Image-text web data
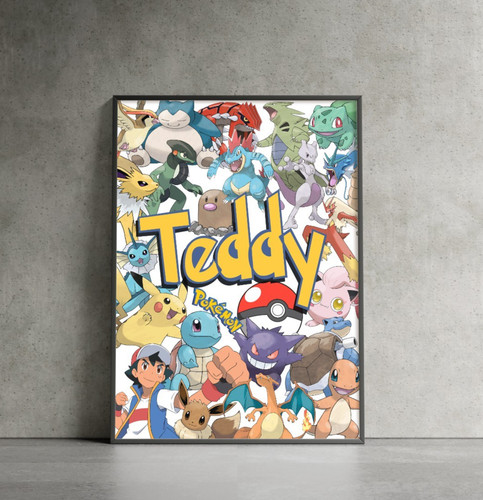 Pokemon personalised name - pokemon,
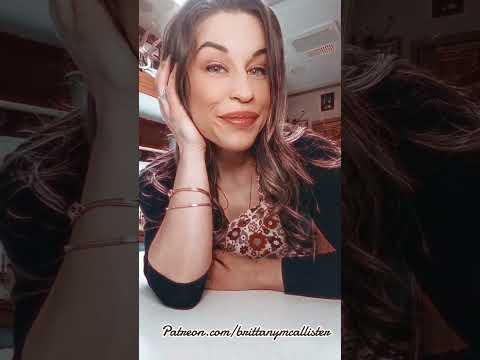 Go check out my Patreon now and see what I'm working on! Patreon.com/brittanymcallister #patreon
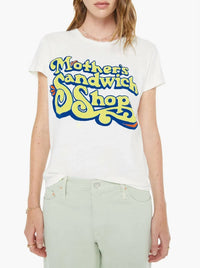 Mother - Boxy Goodie Goodie Tee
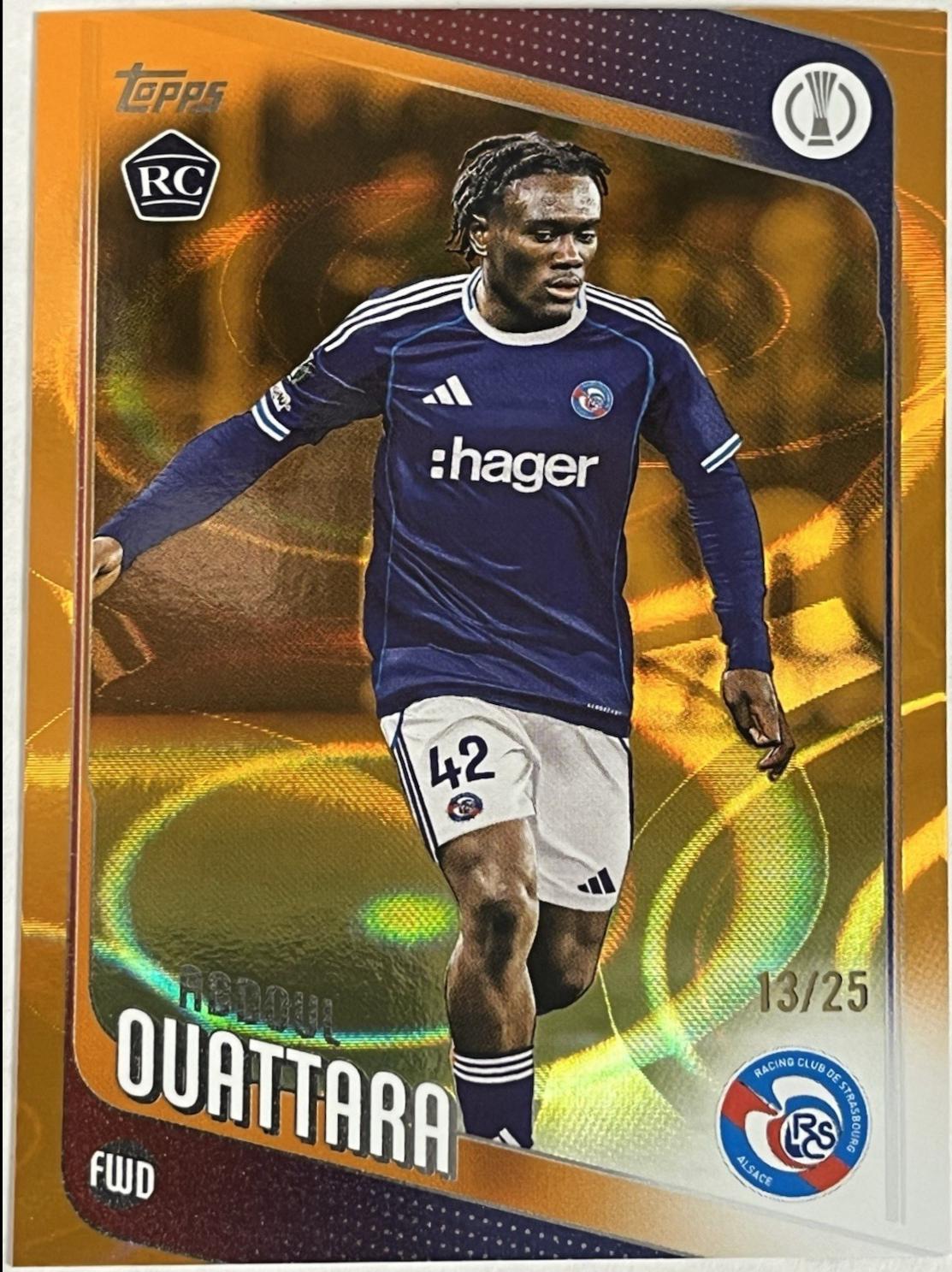 Abdoul Ouattara [Orange Raindrops] #114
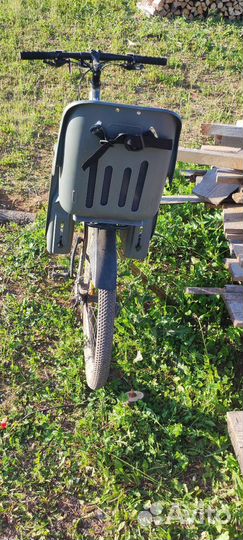 Детское велокресло (велосипедное кресло)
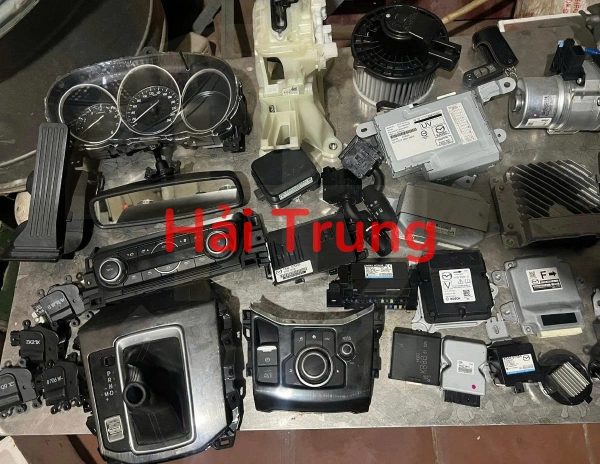 Full bộ điện, bộ nổ, hộp điện Mazda 3, 6, Mazda CX-5 Tháo Xe
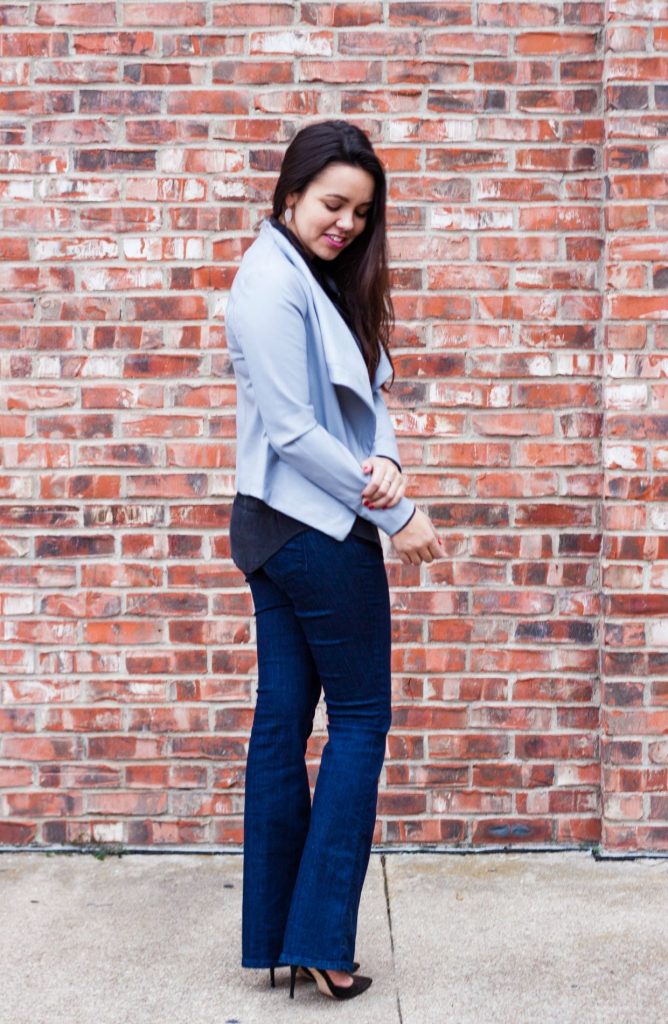 Loft-Flare-denim
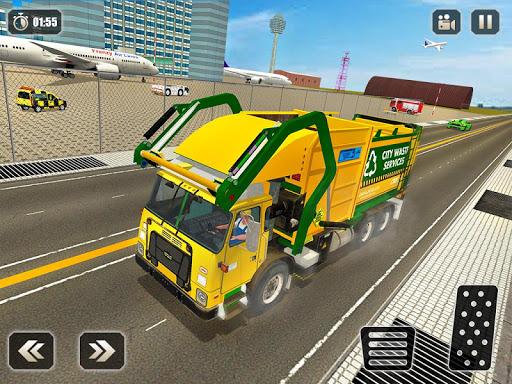 Garbage Truck Driving Simulato - عکس بازی موبایلی اندروید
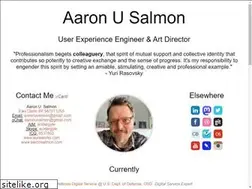 Sites similar to aaronsalmon.com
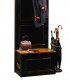 Gabanero vintage Denove, detalle
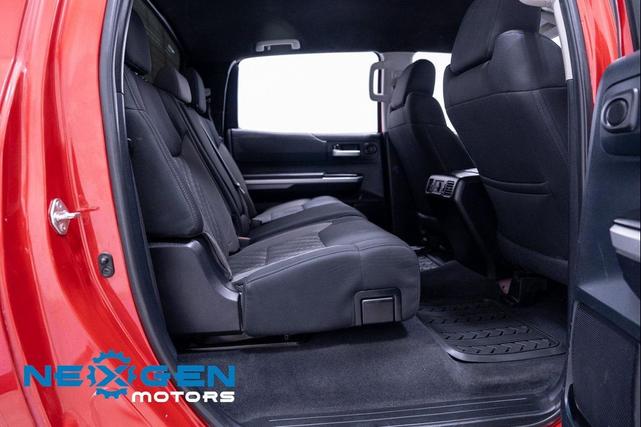 Photo of 2020 Red Toyota Tundra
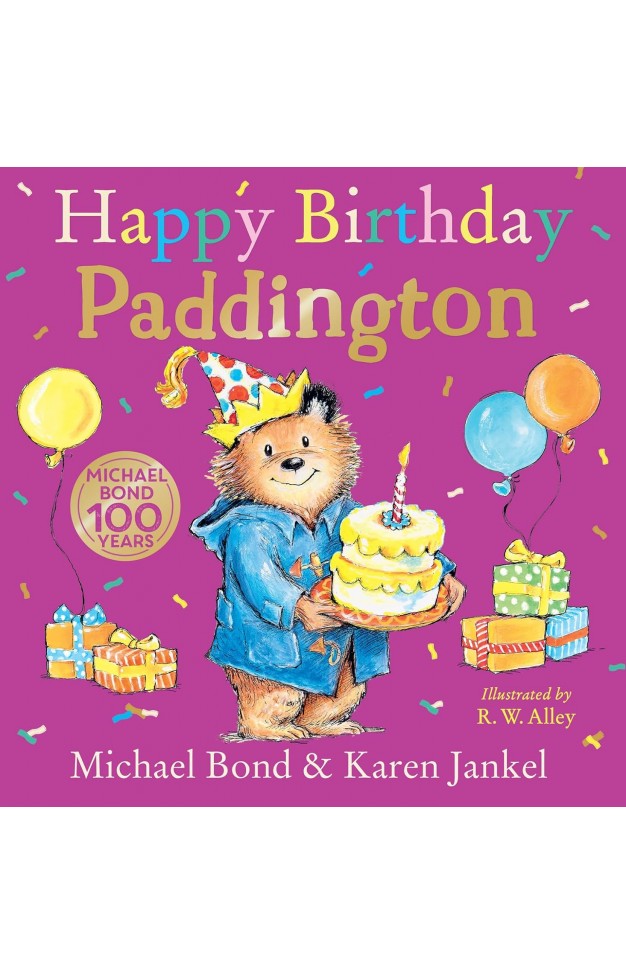 Happy Birthday  Paddington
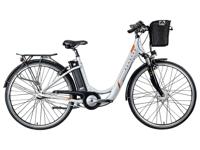 Zündapp Elektrische fiets City Z510 (wit oranje)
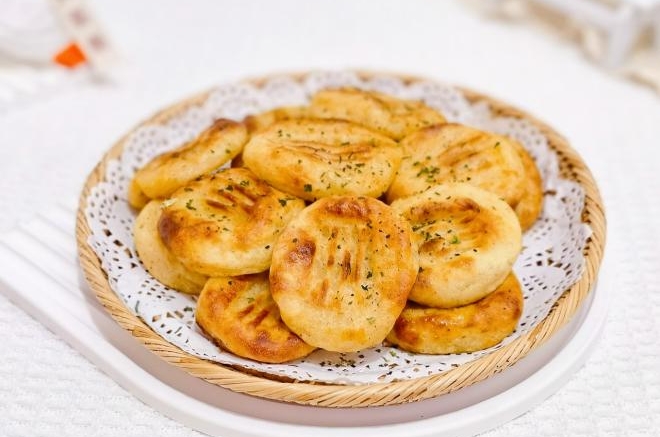 脆脆薯饼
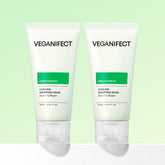 Veganifect Green Barley & Aloe Cooldown Wrapping Peel-Off Pack 80ml (2 Pack)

● **Work required**
The data above must be given back verbatim, minus its images.

● **Response for this exercise**
 Pokemon personalised name - pokemon,
 Go check out my Patreon now and see what I'm working on! Patreon.com/brittanymcallister #patreon
 Mother - Boxy Goodie Goodie Tee
 Abdoul Ouattara [Orange Raindrops] #114
 Детское велокресло (велосипедное кресло)
 Full bộ điện, bộ nổ, hộp điện Mazda 3, 6, Mazda CX-5 Tháo Xe
 Loft-Flare-denim
 Garbage Truck Driving Simulato - عکس بازی موبایلی اندروید
 Sites similar to aaronsalmon.com
 Gabanero vintage Denove, detalle
 Photo of 2020 Red Toyota Tundra
 Happy Birthday  Paddington
 Zündapp Elektrische fiets City Z510 (wit oranje)
 脆脆薯饼
 Veganifect Green Barley & Aloe Cooldown Wrapping Peel-Off Pack 80ml (2 Pack)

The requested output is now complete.